Sugli aspetti lineari e non lineari del tempo, Claudio Magris (Trieste, 1939) intesse narrazioni in cui innesta l’andirivieni interiore dei personaggi. I segni visibili della loro decadenza provocano riflessioni e perfino scelte, come quella di andare ad abitare in uno stabile di cui si è proprietari, assumendo le funzioni di portiere. Nei racconti appare con forza la Storia: tra i personaggi, legati alla Mitteleuropa, alle migrazioni e alle guerre, due sono ebrei; ed è inevitabile collegare la loro presenza a ciò che il passato significò per milioni – annientamento e dolore.

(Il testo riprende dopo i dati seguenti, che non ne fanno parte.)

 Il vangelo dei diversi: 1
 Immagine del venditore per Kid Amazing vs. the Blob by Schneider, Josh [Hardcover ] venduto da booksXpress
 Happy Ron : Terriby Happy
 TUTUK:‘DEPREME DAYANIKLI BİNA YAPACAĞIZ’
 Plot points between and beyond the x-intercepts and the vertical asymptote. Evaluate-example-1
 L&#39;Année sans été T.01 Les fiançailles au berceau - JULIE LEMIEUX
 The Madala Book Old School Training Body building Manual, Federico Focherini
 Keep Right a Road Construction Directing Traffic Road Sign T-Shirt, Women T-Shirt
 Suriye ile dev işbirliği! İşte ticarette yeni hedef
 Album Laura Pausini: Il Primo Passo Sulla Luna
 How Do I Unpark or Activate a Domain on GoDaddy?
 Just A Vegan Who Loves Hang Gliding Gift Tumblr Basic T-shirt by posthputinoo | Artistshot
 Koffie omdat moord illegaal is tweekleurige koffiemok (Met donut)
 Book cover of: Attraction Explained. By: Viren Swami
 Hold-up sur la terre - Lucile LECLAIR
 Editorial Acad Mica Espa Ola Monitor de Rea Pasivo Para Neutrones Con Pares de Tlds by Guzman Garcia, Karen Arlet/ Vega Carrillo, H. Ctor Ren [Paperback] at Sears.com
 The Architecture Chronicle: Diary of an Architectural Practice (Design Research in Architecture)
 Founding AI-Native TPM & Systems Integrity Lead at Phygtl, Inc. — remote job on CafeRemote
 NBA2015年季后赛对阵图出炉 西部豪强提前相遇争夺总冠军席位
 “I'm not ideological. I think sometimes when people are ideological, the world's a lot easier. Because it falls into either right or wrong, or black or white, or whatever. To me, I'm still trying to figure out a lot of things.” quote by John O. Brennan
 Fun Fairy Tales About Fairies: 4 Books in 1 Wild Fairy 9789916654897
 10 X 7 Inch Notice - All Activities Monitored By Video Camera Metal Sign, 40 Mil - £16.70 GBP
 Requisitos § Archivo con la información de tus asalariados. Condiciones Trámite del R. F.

Vi è inoltre, magistralmente narrata, la perdita di ogni legame col possesso: di case, oggetti, funzioni e identità. Certi di non essere nulla di ciò che il linguaggio circoscrive, si sa di esistere in modo immaginario, un cumulo di pensieri che non sono nemmeno nostri in senso stretto: “le parole sono come l’aria e le stagioni, non appartengono ad alcuno.”
Eterno dileguare, eterno essere; il fiore muore nel frutto, dunque e il frutto, ha scritto un geniale e talora pomposo professore di Jena dimostrando che anche l piu grande dei filosofi puo essere un poeta. Muori e divieni, diceva quel poeta di Weimar tanto piu poeta di lui, al quale peraltro, nella sua veste di consigliere del Ducato, aumentava lo stipendio di accademico ma con parsimonia. Muori e divieni cosi veramente sei, se non vuoi restare un ospite frettoloso e oscuro sulla terra opaca. Gli oleandri del mio giardino, rosa bianchi rossi, ogni anno altri, gli stessi. Paura di morire? Re Ane il Vecchio tu non sei morto, dice la saga, ma sei risorto in Enil re. Bevi, vecchio re, la vita ti da come tu prendi, sei tu che vuoti e riempi il bicchiere.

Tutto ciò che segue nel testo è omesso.